REQUIRED ACTION → Look below for the line containing "Garage Hồng Nhật" and the line containing "Hugsntugs Full Sleeves", then set down both and every line between them exactly, without pictures.

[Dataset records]
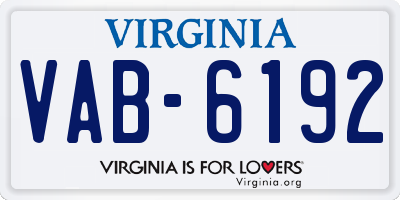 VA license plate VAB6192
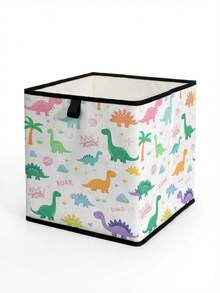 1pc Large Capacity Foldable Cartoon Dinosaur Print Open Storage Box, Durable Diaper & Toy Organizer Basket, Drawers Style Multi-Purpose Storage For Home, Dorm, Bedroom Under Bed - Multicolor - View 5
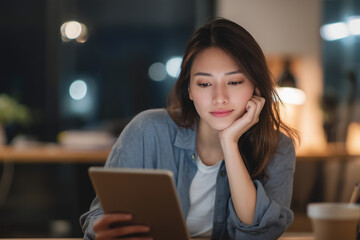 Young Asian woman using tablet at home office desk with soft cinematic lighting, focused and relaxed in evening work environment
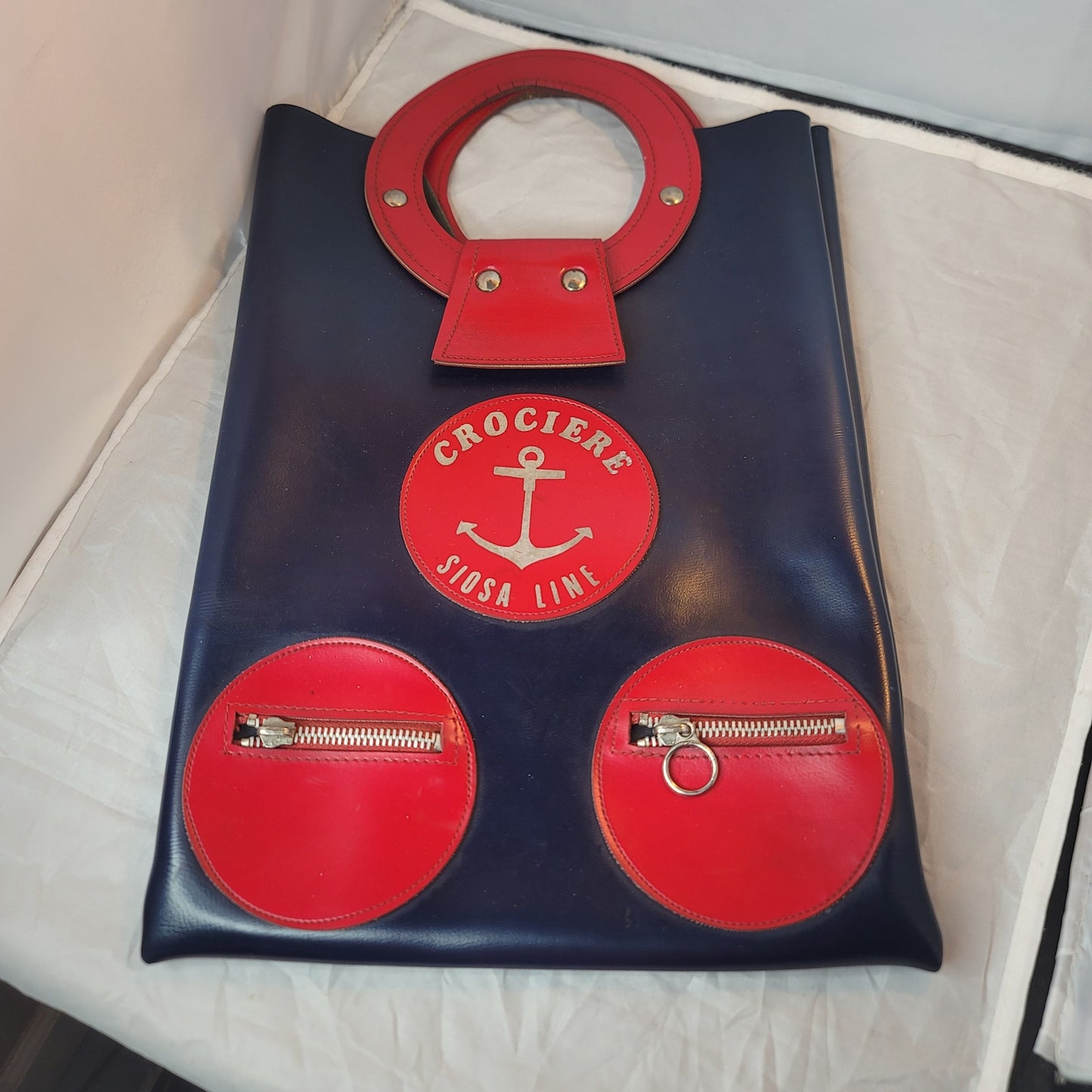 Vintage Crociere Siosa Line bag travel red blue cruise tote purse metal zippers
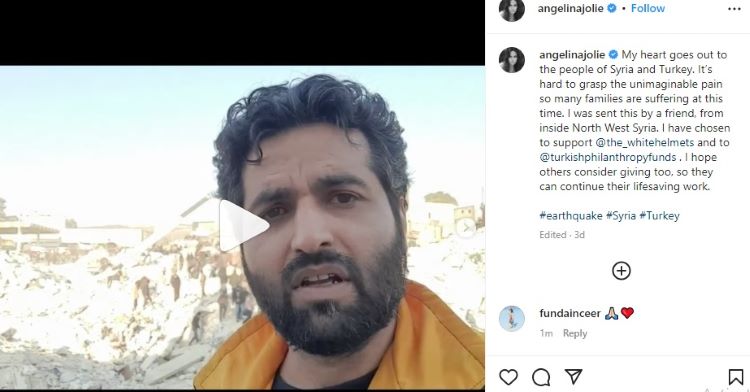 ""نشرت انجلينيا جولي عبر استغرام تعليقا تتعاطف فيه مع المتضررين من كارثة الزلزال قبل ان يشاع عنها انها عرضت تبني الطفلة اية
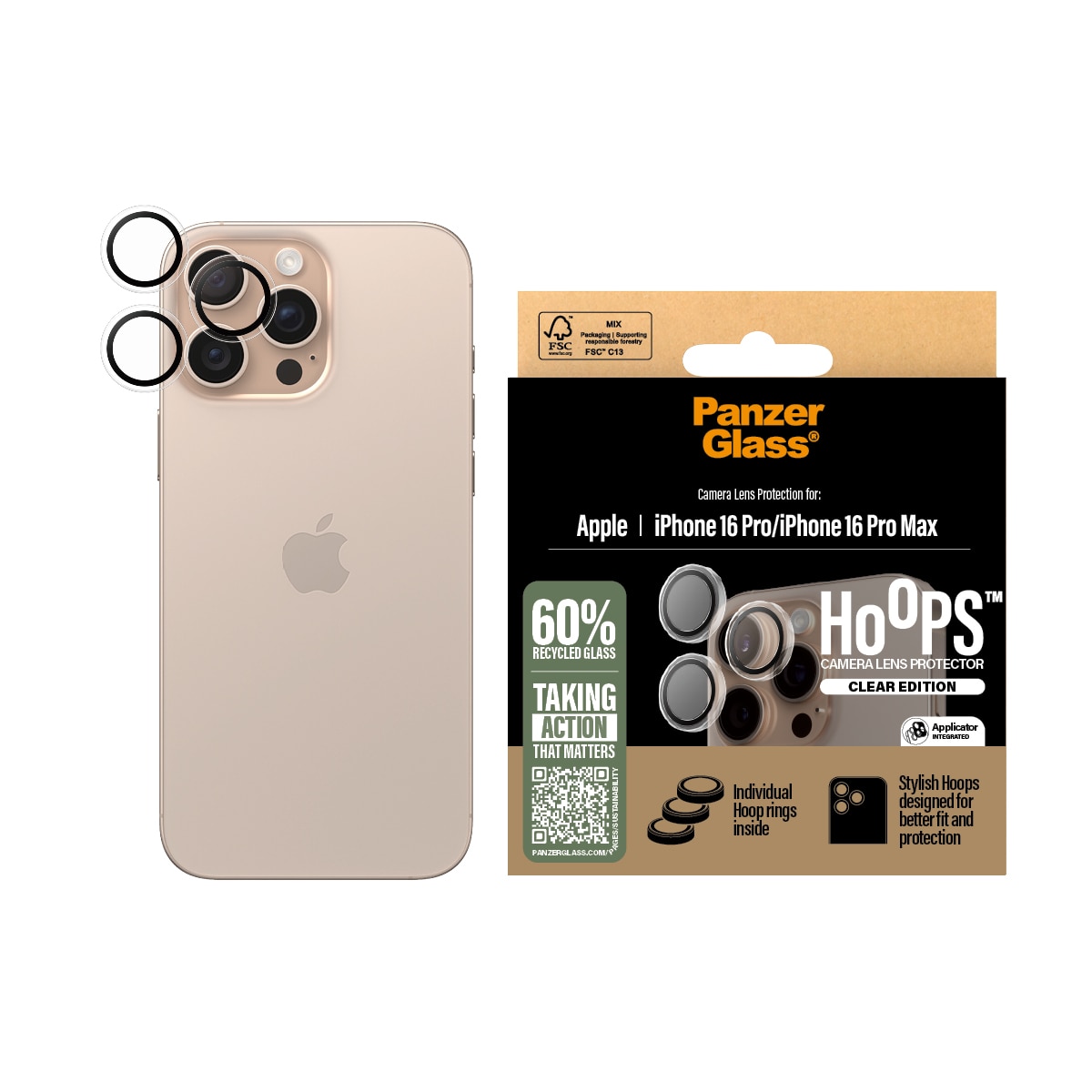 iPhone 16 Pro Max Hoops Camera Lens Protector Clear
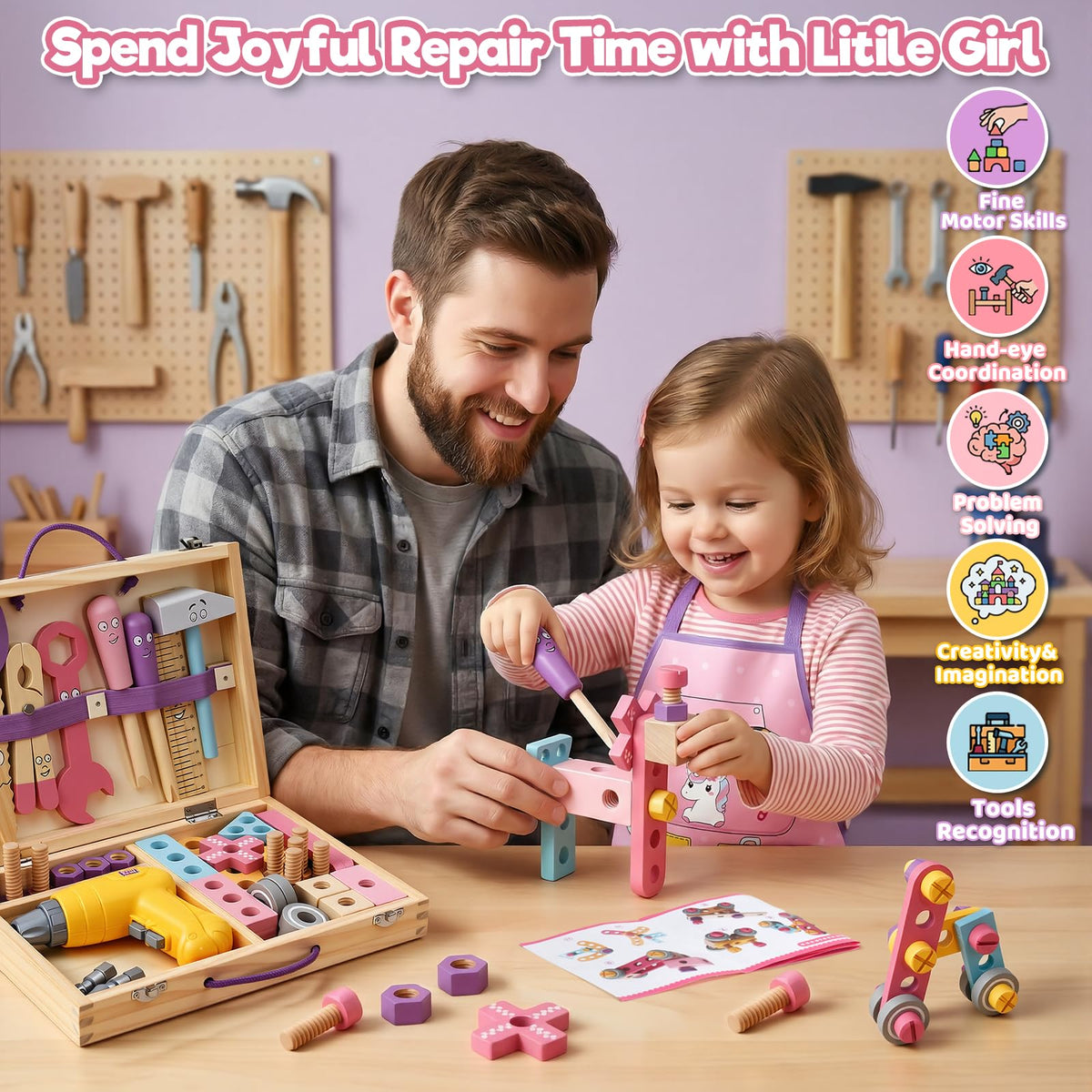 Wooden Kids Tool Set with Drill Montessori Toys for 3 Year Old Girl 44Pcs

* * *

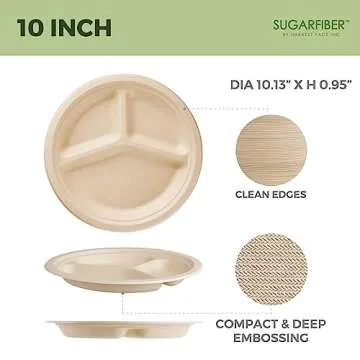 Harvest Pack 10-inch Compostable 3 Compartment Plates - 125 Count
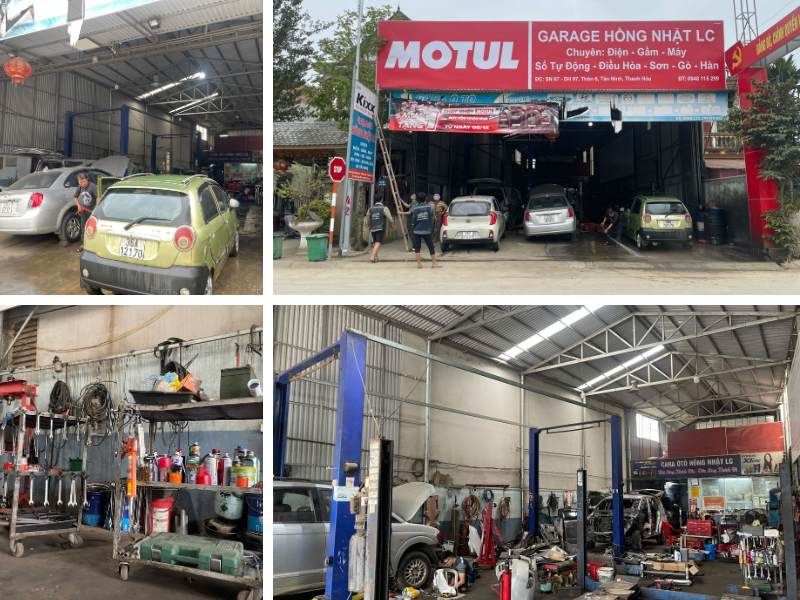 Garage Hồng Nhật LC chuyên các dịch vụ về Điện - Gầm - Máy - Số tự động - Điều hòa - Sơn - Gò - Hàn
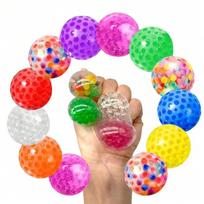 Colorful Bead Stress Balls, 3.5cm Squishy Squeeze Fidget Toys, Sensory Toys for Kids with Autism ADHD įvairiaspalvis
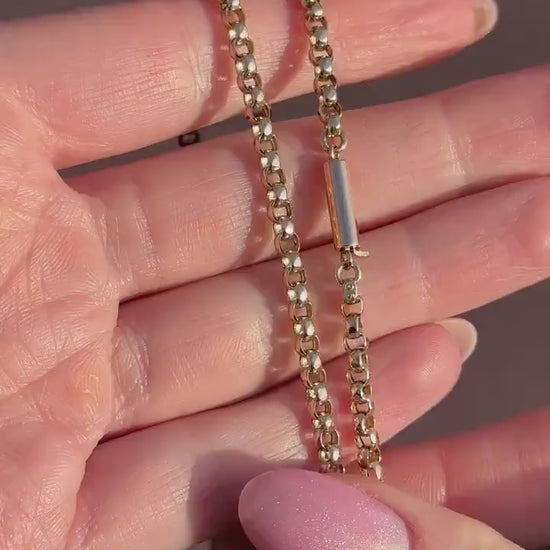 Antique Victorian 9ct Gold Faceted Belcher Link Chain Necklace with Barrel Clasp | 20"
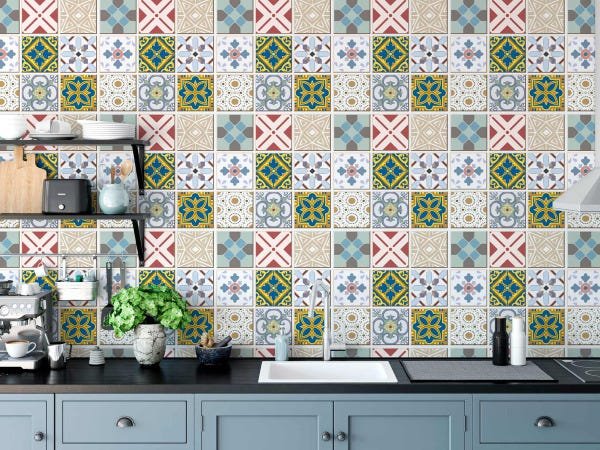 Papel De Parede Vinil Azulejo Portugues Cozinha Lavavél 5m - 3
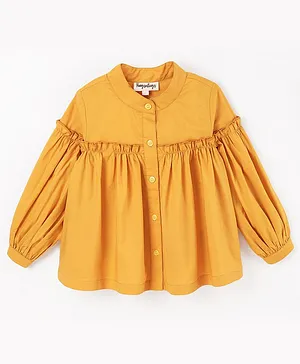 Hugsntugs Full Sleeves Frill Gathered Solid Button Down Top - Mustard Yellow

==

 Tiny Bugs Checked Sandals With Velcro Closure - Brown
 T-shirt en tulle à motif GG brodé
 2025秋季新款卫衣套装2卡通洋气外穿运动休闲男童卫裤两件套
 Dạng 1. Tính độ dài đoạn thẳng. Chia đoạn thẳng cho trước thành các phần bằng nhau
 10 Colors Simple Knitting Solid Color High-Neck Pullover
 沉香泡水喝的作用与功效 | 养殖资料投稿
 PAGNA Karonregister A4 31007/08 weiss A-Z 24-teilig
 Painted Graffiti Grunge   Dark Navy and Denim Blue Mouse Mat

COMPLETED TASK →
 Garage Hồng Nhật LC chuyên các dịch vụ về Điện - Gầm - Máy - Số tự động - Điều hòa - Sơn - Gò - Hàn
 Colorful Bead Stress Balls, 3.5cm Squishy Squeeze Fidget Toys, Sensory Toys for Kids with Autism ADHD įvairiaspalvis
 Antique Victorian 9ct Gold Faceted Belcher Link Chain Necklace with Barrel Clasp | 20"
 Papel De Parede Vinil Azulejo Portugues Cozinha Lavavél 5m - 3
 Hugsntugs Full Sleeves Frill Gathered Solid Button Down Top - Mustard Yellow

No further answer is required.